Дорогой мне размышлялось очень хорошо. И о чем ни были бы заняты мои мысли, в конце – концов все сводилось к одному – зачем мы живем и какие беспомощные станем в старости, если доживем.

На небе опять сгущались тучи, шелестела листва от ветра, и где-то в лесу куковала кукушка.

«Может быть пройдет много лет, и я вспомню этот хороший день», – подумала я, заходя к себе в дом.

Осенью 1988 года мы переехали в поселок П. Все у нас складывалось неплохо. Но меня всегда тянуло в поселок моего детства. Я скучала.

Я влюбилась. 1989 год

Мне было уже четырнадцать лет.
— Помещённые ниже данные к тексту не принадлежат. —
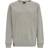 Hummel Kid's Red Classic Sweatshirt - Grey Melange (215102-2006)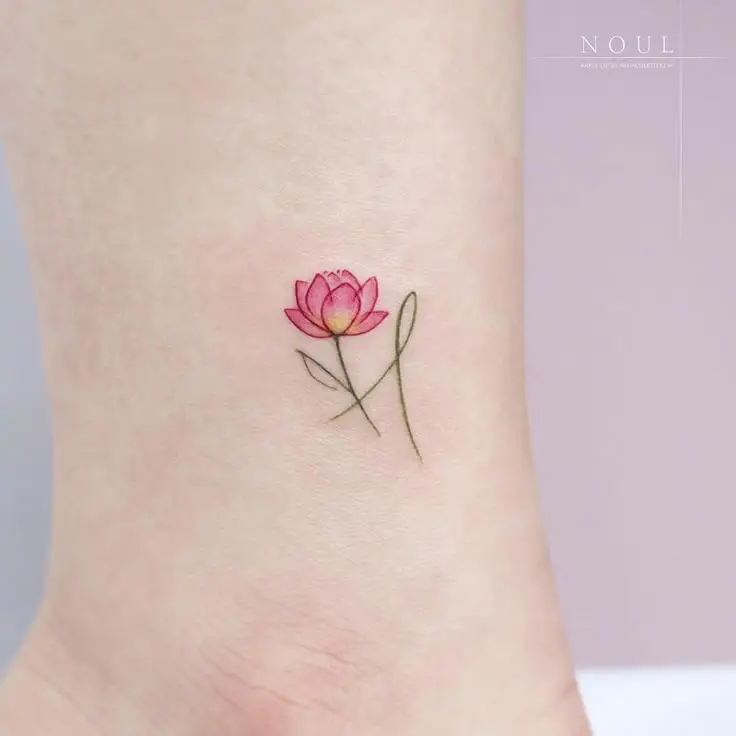 Hình Xăm Hoa Ở Ngực Cho Nữ - Tìm Kiếm Những Mẫu Xinh Xắn 40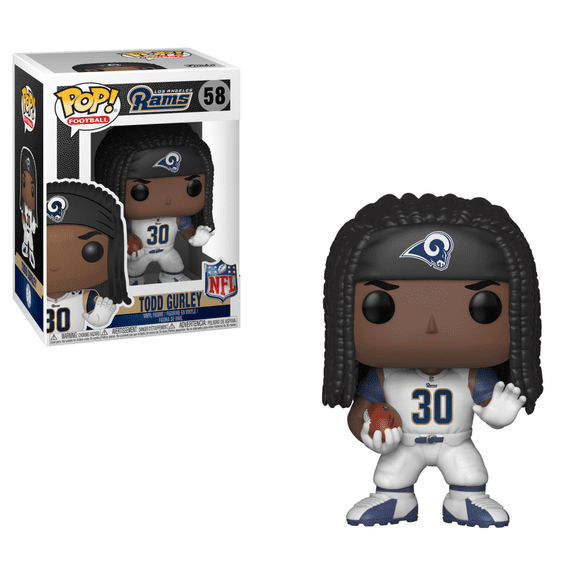 Funko POP NFL: Rams- Todd Gurley
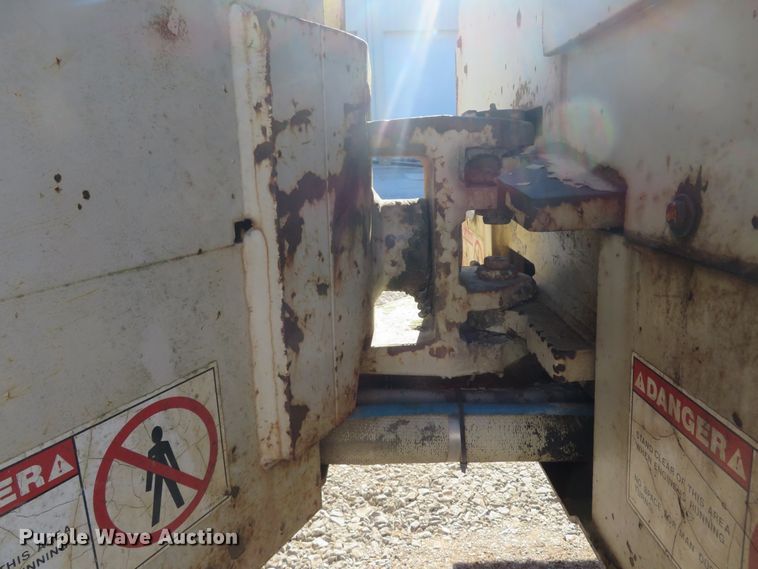 image for item FP9465 1988 Ingersoll Rand DD-35  double drum vibratory roller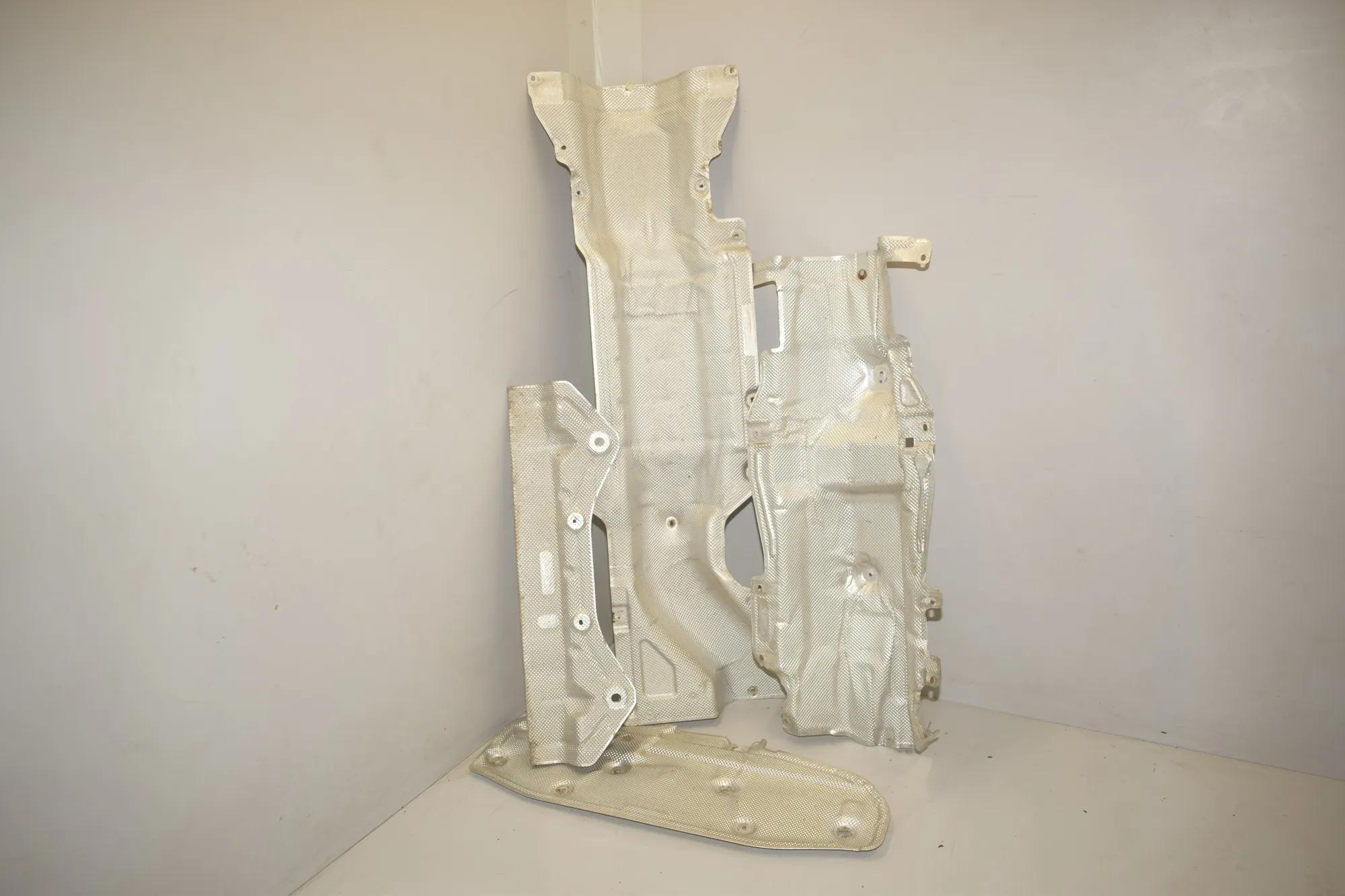 Heat Insulation – OEM 7436590 · BMW 1 (F40) (2019 - -) (F40)118i 2020 – 2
И я была наивна, беззаботна, мечтала о большой чистой любви и думала, что она вот-вот придет, одурманит, затуманит мою светлую голову.

И она действительно пришла и принесла мне много радости, счастья, а потом огорчение и разочарование.

Случилось это в поселке Щ., куда я летом приезжала погостить к своим бабушкам: Шуре и Марусе. Но жила я у семидесятипятилетней бабушки Шуры, а бабушку Марусю навещала редко, так как она была не очень общительной и, по моему мнению, стала совсем затворницей. Она по-прежнему часто болела и получала помощь от двух своих сыновей.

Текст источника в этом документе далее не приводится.